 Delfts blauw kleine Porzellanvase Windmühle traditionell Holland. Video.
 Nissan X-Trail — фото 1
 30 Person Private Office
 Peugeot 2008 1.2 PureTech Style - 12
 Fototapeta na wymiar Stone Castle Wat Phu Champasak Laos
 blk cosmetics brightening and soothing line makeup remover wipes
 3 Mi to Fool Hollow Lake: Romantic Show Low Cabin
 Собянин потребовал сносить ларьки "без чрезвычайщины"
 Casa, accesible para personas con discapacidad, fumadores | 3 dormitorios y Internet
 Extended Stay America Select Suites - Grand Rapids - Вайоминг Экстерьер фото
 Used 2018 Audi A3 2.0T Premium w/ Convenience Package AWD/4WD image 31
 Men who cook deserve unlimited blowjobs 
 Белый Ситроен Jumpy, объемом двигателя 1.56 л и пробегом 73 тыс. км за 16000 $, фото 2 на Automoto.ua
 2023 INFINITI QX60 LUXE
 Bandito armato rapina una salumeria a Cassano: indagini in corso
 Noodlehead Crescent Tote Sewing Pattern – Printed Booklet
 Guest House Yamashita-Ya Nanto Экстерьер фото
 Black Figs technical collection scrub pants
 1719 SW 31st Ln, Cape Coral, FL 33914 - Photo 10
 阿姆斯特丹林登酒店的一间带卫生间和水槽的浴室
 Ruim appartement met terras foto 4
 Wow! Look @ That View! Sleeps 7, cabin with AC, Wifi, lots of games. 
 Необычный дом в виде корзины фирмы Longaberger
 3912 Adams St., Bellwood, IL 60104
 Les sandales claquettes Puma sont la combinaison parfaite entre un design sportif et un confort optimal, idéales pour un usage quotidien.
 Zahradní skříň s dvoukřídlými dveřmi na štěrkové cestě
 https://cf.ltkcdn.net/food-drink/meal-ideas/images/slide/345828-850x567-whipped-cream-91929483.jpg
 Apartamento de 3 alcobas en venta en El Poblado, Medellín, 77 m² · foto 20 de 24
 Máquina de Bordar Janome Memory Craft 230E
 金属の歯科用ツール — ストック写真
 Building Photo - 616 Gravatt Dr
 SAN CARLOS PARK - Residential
===============
EXERCISE GOAL >> Where the word "Экстерьер" shows up in a line of the listing, return that line.

SOLVED EXERCISE >>
 Extended Stay America Select Suites - Grand Rapids - Вайоминг Экстерьер фото
 Guest House Yamashita-Ya Nanto Экстерьер фото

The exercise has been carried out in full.